L'indépendance politique acquise au XIXe siècle ne met pas fin à la dépendance économique. Une autre puissance politique prend d'ailleurs le relais des nations européennes: les États-Unis. Le Congrès multiplie les interventions en Amérique Latine, source de matières premières et de denrées alimentaires. Les manipulations politiques les plus réalistes permettent de conserver la chasse gardée américaine. On soutient les régimes terroristes, on joue sur l'instabilité politique sud-américaine pour garder une marge de manoeuvre dans des affaires de puissance internationale. La mémoire du continent lit aujourd'hui ces interventions comme les manifestations les plus flagrantes de l'oppression politique et économique, par l'intermédiaire des grandes entreprises multinationales. Ces ingérences politiques viennent confirmer une situation économique inférieure: l'Amérique du Sud travaille pour les riches pays capitalistes. La spécialisation du continent l'empêche de mener à bien sa modernisation. On accuse, avec raison, les compagnies occidentales.
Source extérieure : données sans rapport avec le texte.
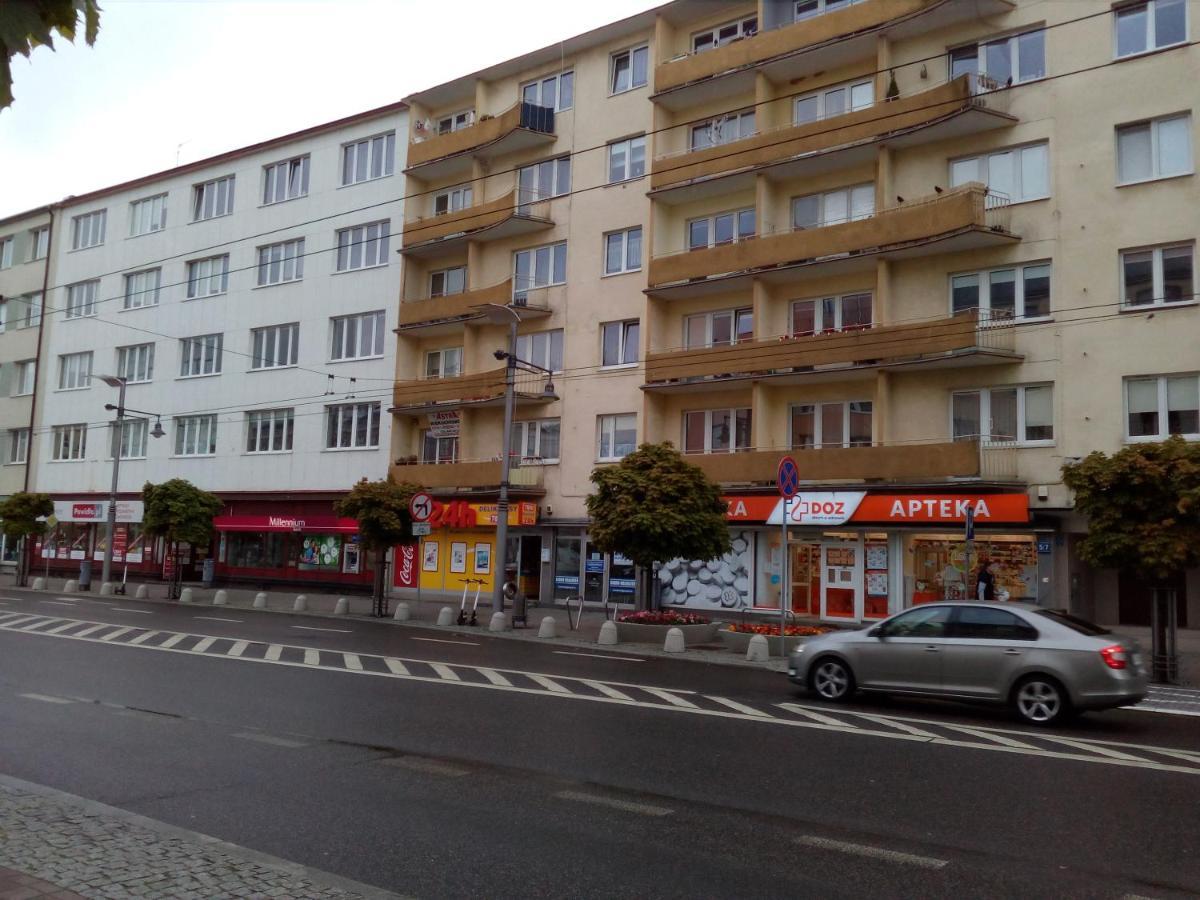 Apartment Atrakcyjna Kawalerka W Gdyni *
La situation politique et sociale n'y est pas plus brillante. De façon générale, l'alliance de l'armée et des oligarchies terrienne ou capitaliste, menacées dans leurs prépondérances respectives, a mis progressivement fin aux tendances populistes. Cette orientation conservatrice s'est accusée au tournant des années soixante, en raison du retentissement de la révolution cubaine. Militarisation quasi générale de la vie publique, assassinat politique, coups d'État à répétition, telle est l'image à retenir, pour comprendre l'exaspération de larges tranches des populations latino-américaines.
La prise de conscience tiers-mondiste a pu entretenir et fournir de nouvelles justifications à cette exaspération. La croissance économique relativement importante des années soixante-dix s'est nourrie, en effet, d'une augmentation de la dette extérieure. Handicap majeur, cet endettement implique une dépendance supplémentaire. Ajoutons que le type de développement favorisé, les nouvelles industries encouragées, ont jusqu'ici créé peu d'emplois, et contribuent de fait à intensifier les inégalités sociales. Les disettes de l'Amérique centrale, l'asphyxie démographique générale couronnent la description d'un continent qui ne demandait qu'à s'éveiller. Depuis la conférence de Bandung, en 1955, les réclamations des pays sous-développés se sont faites plus vives, ont trouvé une tribune d'expression. Partant du refus d'un modèle économique et social européen ou américain, de nombreux pays d'Amérique du Sud ont placé leurs espoirs dans un socialisme libérateur.
C'est d'une telle situation de dépendance et d'exploitation que partent les réflexions de la théologie de la Libération. La pauvreté au pas des portes, le sous-développement économique, la dépendance politique constituent autant de poids, de contraintes insupportables, un défi à la conscience chrétienne et bien sûr au sens commun de la justice.
Naissance de la théologie de la Libération. Dans cette évolution historique, on a pu regretter que le christianisme, et en particulier l'Église catholique, ne donnent pas suffisamment d'écho à la voix des pauvres et des exploités, n'incitent pas plus tôt et plus largement à réfléchir sur les causes d'une telle situation, et surtout se fassent souvent les défenseurs des structures existantes.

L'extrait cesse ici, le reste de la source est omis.